Problem to solve: Reproduce the listing below character for character; drop every image.
──────────
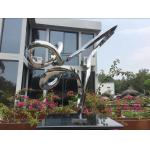 Outdoor Abstract Small Garden Sculptures , Modern Stainless Steel Sculpture for sale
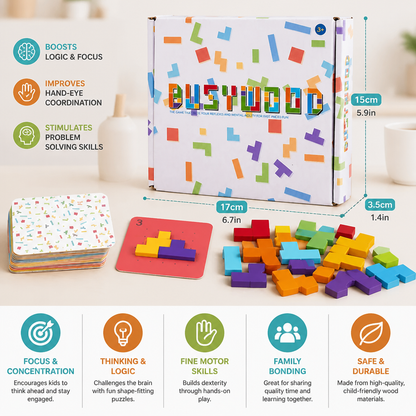 Wooden  Shape Matching Puzzle Family Game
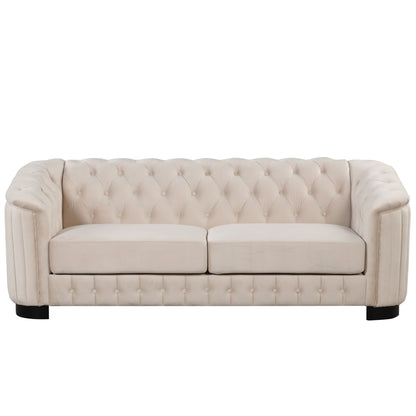Sofa With Thick Removable Seat Cushion, 3 Seater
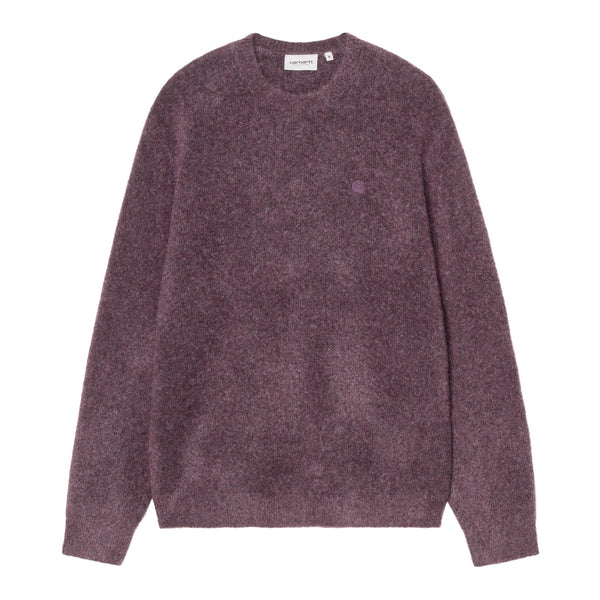 Carhartt WIP Curtis Sweater - Tangled Shady Purple - Streetart.fr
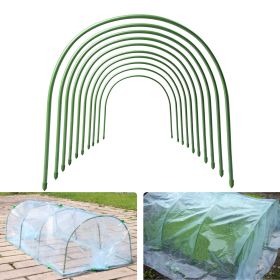 6PC 4ft*0.31inch Small greenhouse plastic elbows, garden arch support accessories, greenhouse arch pole connecting pipes, support fixtures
──────────
Exercise result:
 Outdoor Abstract Small Garden Sculptures , Modern Stainless Steel Sculpture for sale
 Wooden  Shape Matching Puzzle Family Game
Sofa With Thick Removable Seat Cushion, 3 Seater
 Carhartt WIP Curtis Sweater - Tangled Shady Purple - Streetart.fr
 6PC 4ft*0.31inch Small greenhouse plastic elbows, garden arch support accessories, greenhouse arch pole connecting pipes, support fixtures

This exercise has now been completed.